Some of us are always aware of that stuff......worried.....planning.....or the opposite.......dulling their senses, ignoring reality, keeping their heads in the sand........I think I have done all of that at various times.......but lately I am just being quiet.......surrounding myself with very few people to bounce ideas off of......trying to realize when some of them are scaring me with their own 'projections' of fear...........again........I am filled with Trust.....in the Universe......but realize I must make some decisions soon.

Some of my thoughts are these.............

1)  I have been spending a lot of time looking 'outward' for answers.  Actually this is the story of my life,
     what 'I do'.  I must manage it right now.  Look within for the answers that are there for me.
      I know they are there and I know how to mine for them.  'Mine' as in searching for jewels in a cave.

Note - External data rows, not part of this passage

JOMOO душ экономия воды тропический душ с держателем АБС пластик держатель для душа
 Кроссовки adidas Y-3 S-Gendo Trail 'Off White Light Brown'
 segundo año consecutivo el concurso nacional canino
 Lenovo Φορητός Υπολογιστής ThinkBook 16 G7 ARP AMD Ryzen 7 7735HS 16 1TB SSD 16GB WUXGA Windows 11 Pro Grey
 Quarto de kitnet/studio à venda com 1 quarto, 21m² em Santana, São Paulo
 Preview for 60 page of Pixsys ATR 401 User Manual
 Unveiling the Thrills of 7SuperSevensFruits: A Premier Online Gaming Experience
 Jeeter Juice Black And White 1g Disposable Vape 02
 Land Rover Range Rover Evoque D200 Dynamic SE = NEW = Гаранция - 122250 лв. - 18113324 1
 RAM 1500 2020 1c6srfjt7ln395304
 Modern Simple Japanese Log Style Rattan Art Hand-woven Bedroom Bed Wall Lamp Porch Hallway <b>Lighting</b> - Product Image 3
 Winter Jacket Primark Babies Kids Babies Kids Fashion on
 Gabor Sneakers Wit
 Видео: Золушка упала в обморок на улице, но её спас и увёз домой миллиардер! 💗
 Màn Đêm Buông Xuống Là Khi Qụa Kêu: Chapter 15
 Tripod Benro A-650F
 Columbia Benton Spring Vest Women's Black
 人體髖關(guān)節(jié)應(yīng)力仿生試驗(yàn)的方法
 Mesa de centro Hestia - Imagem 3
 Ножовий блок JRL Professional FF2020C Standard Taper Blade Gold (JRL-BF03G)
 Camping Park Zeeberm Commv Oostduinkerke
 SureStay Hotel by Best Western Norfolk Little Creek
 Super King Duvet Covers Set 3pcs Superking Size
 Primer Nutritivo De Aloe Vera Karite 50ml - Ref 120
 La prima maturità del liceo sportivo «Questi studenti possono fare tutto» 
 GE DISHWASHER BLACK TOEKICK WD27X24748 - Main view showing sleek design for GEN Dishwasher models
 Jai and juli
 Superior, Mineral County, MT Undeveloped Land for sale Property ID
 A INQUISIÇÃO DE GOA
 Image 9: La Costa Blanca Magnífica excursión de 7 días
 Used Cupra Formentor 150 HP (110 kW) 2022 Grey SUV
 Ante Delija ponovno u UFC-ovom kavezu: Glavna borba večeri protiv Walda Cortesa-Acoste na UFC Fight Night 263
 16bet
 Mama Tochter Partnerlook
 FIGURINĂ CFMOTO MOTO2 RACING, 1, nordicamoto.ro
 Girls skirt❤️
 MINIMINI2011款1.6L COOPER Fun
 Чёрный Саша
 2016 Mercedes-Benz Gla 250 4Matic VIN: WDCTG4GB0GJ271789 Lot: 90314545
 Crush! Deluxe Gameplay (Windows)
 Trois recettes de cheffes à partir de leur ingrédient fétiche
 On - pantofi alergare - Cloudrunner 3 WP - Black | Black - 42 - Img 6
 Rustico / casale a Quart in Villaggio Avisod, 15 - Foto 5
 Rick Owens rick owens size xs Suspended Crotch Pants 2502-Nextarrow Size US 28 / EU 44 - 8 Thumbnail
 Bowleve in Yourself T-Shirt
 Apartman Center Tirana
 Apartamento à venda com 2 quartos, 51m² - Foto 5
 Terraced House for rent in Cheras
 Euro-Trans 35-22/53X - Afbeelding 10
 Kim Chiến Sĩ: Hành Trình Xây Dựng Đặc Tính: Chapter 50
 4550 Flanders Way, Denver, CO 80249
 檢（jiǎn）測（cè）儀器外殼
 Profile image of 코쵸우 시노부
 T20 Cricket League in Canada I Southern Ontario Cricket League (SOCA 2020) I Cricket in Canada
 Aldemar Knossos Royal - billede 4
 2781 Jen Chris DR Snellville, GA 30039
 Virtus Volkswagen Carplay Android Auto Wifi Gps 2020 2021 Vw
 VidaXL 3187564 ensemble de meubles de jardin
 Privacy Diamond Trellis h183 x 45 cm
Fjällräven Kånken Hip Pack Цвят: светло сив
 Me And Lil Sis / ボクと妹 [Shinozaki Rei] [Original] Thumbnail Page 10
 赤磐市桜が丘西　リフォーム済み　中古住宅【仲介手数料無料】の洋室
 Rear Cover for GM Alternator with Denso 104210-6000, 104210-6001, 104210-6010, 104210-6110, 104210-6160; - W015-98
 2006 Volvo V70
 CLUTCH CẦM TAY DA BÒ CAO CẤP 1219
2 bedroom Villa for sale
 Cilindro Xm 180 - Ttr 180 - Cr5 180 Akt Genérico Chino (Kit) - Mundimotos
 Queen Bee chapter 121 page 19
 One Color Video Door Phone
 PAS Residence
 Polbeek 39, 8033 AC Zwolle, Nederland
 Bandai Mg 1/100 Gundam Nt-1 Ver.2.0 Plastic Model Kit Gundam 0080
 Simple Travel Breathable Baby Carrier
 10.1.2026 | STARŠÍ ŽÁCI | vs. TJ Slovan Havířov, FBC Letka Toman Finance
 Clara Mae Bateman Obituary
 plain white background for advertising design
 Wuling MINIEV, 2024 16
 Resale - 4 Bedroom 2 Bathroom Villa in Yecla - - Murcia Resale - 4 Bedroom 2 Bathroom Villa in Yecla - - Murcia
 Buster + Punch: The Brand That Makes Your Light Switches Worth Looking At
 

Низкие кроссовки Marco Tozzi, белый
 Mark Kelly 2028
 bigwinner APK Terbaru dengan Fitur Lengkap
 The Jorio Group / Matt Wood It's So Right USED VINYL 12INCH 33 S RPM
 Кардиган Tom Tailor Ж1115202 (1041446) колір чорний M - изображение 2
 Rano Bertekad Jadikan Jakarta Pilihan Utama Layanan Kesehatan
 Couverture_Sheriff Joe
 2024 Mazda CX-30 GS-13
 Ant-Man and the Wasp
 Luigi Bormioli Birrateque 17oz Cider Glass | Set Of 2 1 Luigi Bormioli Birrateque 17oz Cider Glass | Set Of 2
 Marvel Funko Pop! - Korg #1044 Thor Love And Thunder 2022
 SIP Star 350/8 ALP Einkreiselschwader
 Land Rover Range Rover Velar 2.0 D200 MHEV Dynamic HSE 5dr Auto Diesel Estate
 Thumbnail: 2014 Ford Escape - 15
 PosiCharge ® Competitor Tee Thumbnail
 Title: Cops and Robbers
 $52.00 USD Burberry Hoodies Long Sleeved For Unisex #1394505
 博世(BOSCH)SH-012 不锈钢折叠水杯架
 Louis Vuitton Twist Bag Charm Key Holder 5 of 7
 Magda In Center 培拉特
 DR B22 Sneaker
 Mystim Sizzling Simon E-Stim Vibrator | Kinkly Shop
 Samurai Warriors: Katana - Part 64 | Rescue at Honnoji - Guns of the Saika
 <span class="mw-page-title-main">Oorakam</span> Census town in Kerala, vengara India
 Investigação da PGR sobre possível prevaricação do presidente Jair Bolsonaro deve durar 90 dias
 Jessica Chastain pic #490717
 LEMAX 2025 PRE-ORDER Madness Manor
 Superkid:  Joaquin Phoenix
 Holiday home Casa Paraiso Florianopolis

I  
      just need to be quiet to hear the 'small still voices' at the same time asking them to 'speak up'........
      I'm guessing this is Universal to most of us........and worth saying again and again......

2)  I am thinking about going on a technology fast.  I've done this before.  Currently I am not hooked up
     to cable.....or any kind of TV reception......I use mine for the occasional movie rental......and I don't
     read the paper......but confess to looking at a few blurbs on the Yahoo! home page.....but generally I
     am unaffected by the fear that permeates the airwaves.......I have found that my system does not
     tolerate it well.  It actually makes me crazy.  I used to be a junkie to it all.  Really.....I was immersed
     in it......but I had to cut it out.....and I am making a really short story long.  The latest thing my friends
     seem to be addicted to......and I am guilty of late,  is the influx of 2012 'Healing the Earth' and
     'Ascension' information.  All important to me.....however the influx of information is overwhelming.
     And all of it coming from 'Masters'........seems to be the buzz word.........
     And is starting to make me wonder about it all.  Everyone seems to have an agenda.  I'm not sure
     their's is the same as mine.  So yeah.  Have to cut that out too.  As to 'Awakening to my Soul's
     Purpose'.........well, I think I'm going to have to consult my Soul on that......And I think this is just
     a continuation of.......... thought #1.

Saturday, April 9, 2011

Loose Ends...........

I see it's been quite a while since I've posted..........why?  I do keep asking myself........why?...........do I not seem to have some witty thing to show or tell..........

What have I been doing with my Self?

1) making things........still burning the little copper vessels.....up to 50......of 100......oh, no I'm back to 49
    as my sweet elderly neighbor Rose wanted to buy one of them this morning.......dear dear dear
    Rose, I could not say "no"........really because it's nice to sell work and the money was to 'Pay the
    Shaman' that chanelled the thing........very nice way to start the day.....I digress......and I learned how
    to make hand pulled earwires for some dangles I made from steel and enamel........and in addition to
    making things........I'm pondering how to display them (the vessels)......
    ........oh, and I framed the  lovely prints from OZ in dark 'faux' wood frames I purchased from
    IKEA for $19 each.........and they turned out quite nicely if I do say so......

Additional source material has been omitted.